We’ve seen many years of hoping, by vastly different presidents, to bring together what has only grown—as proven this election cycle—further and further apart. Recent data suggests voters in both parties say the opposing party makes them “afraid.”
Bewildered by all the discord, the church has an opportunity to stand in stark contrast. I would suggest this frustration may send people looking for a sense of unity that transcends the divisiveness they see on the news networks. Will they find it?
An opportunity to embody unity
With the world’s divisions in view, I am drawn to spend more time thinking about the opportunity presented for the church’s witness. Many opportunities are held before a struggling American church. One of these is unity. As the chasms that divide us are ever-widening, Christians ought to turn their gaze to this opportunity to reclaim their prophetic witness. The church needs to model for an increasingly polarized society what it looks like to experience unity in diversity.
We need to foster Christian communities that are consumed by cooperation, not competition. Our congregations and their leaders need to come together to lift up what they hold in common, rather than murmuring about their differences behind closed doors. We need to open avenues for the world to understand the unified community of Christ, rather than emphasize the uniqueness of one part, lest we forget our own affirmation of God’s reconciling work in the hearts of those outside our own tradition.

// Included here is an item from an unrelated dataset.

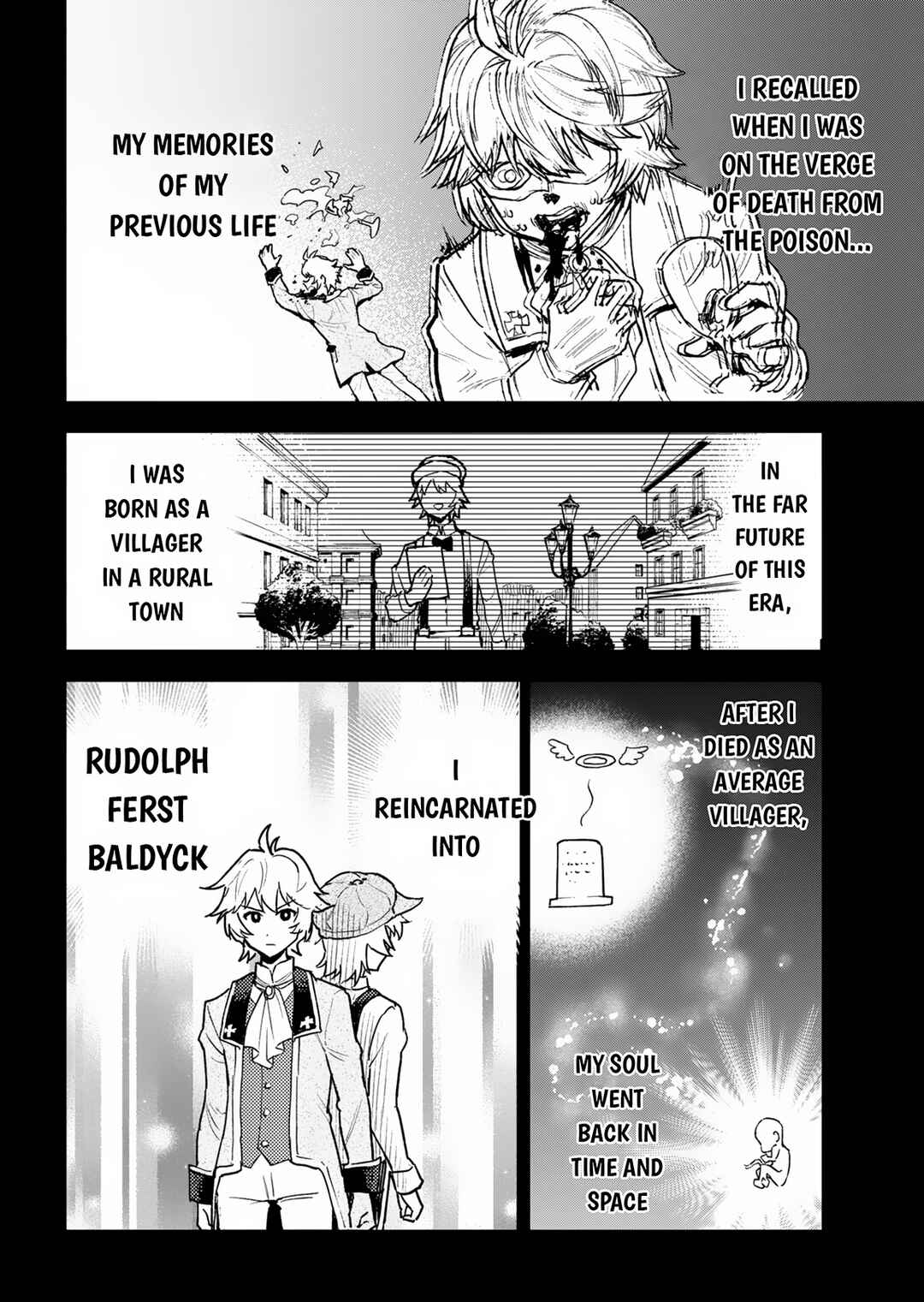 Tada no Murabito no Boku ga, Sanbyakunen-mae no Boukun Ouji ni Tensei Shite Shimaimashita: Zense no Chishiki de Ansatsu Flag o Kaihi Shite, Odayaka ni Ikinokorimasu! Chapter 1 - Page 12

This task will require rethinking at the highest levels. Our denominations need to hold Christian unity over denominational distinctiveness. We need denominational structures that unite, not divide. But I’m inclined here to point us back to the bottom of religious circles, where demonstrations of the uniting love of Christ can be found more readily.
From the bottom up
I serve with a church staff that is committed to supporting kingdom growth above our church growth, to praying in worship each week for those who worship down the street or around the corner, and to building bridges with leaders in our city. Within the last month, I have been a part of multi-denominational efforts that enabled Christians to display the love of Christ through service projects for homeowners across our city and an area-wide collaboration that helped create worship experiences for the thousands of teenagers in our districts, and I met with ministers from other churches to support and encourage the work of the kingdom.
Is there space in your church’s life to celebrate the fact the kingdom of God is bigger than this Christian tradition or that one? Does our worship and communal life celebrate the rich theological and historical tradition so many hold in common? Do our Christian brothers and sisters have a framework of belief that leaves room for others who hold in common this faith in Christ.

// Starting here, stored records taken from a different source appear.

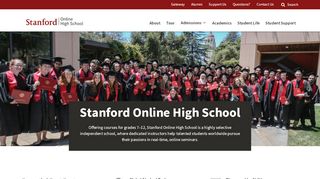 
                            3. Homepage OHS | Stanford Online High School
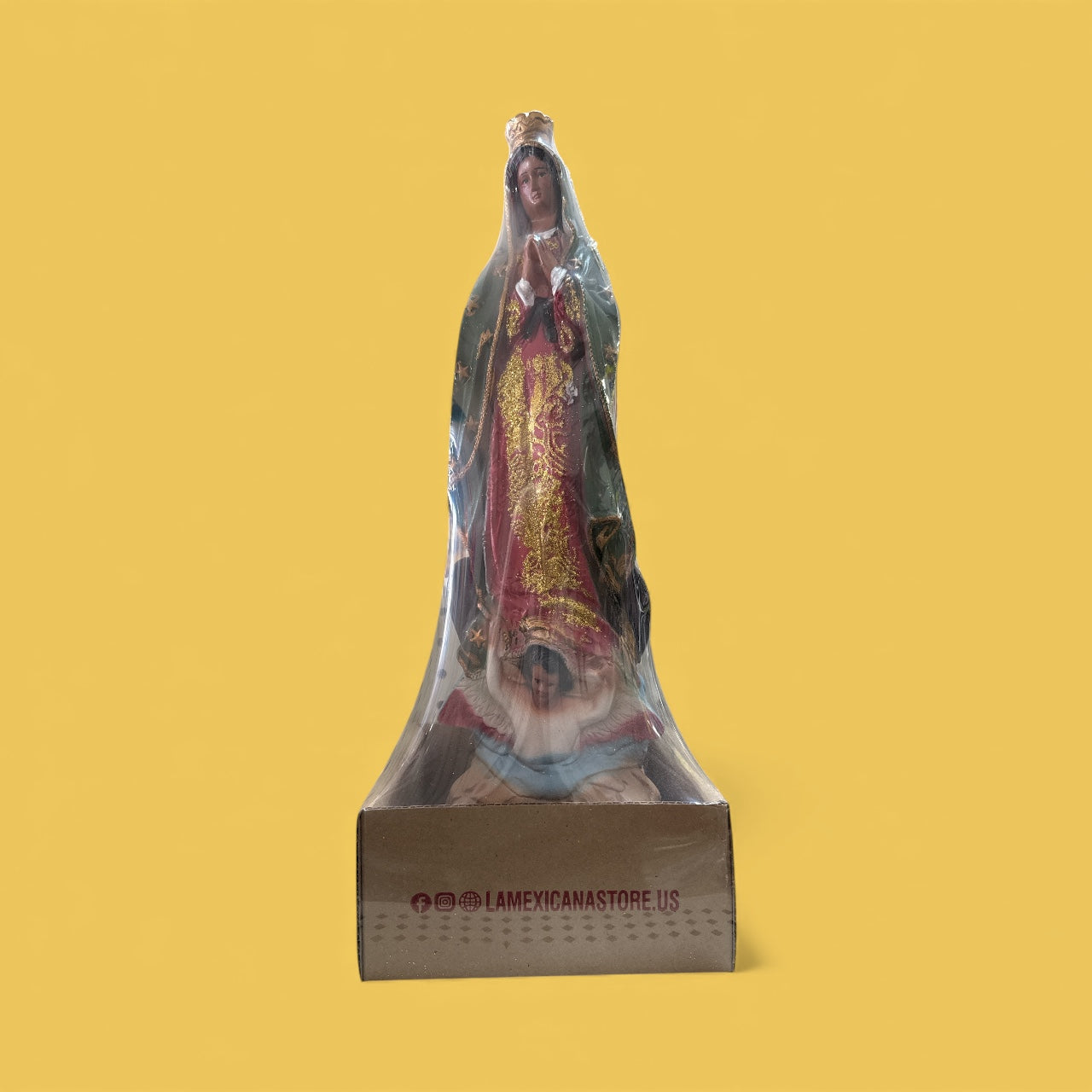 MDLR - Virgen Guadalupe Corona Statue, 19.6”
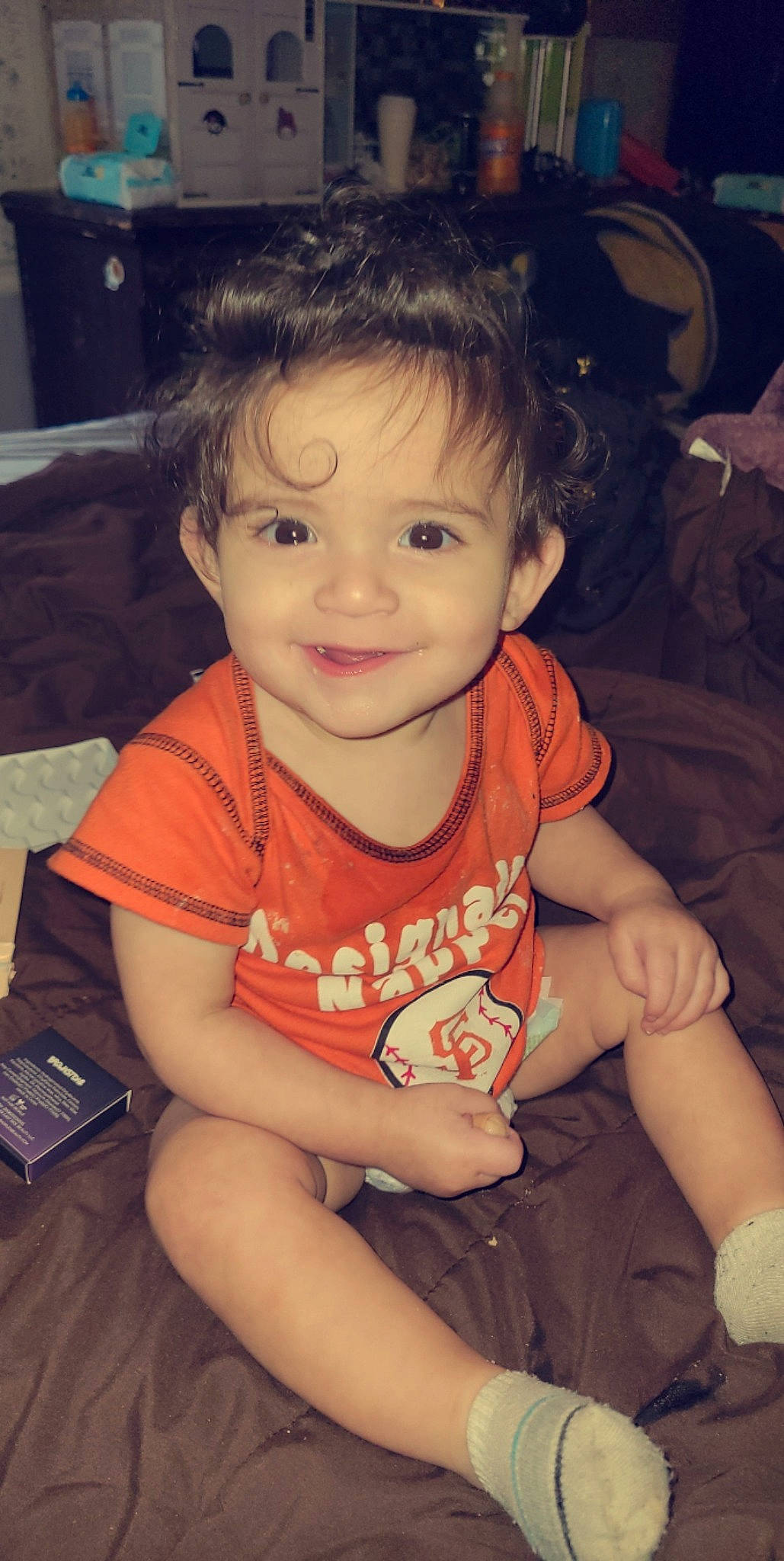 Kevin Jr joined the competition — help win amazing prizes! arm, cheek, chin, eye, face, facial_expression, forehead, hair, hairstyle, hand, happy, head, iris, joy, mouth, nose, organ, person, product, skin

If not, then our gospel isn’t big enough.
The kingdom is now—and will certainly be in its fullness—composed of a rich diversity of believers and traditions. If our Christian faith fails to embody this, then whose cause are we advancing?
The ears of ninth graders hear me tell the Christian story and immediately notice its contradiction with what their eyes are seeing. I remind them of a Christ who unifies us despite our plurality.
I hope I’m telling the truth. It is a truth our world is looking for. It is a reality the world will find nowhere else. Can it be found in your community?
Might we and our churches embrace Christ’s call to make known the love of God as we love one another.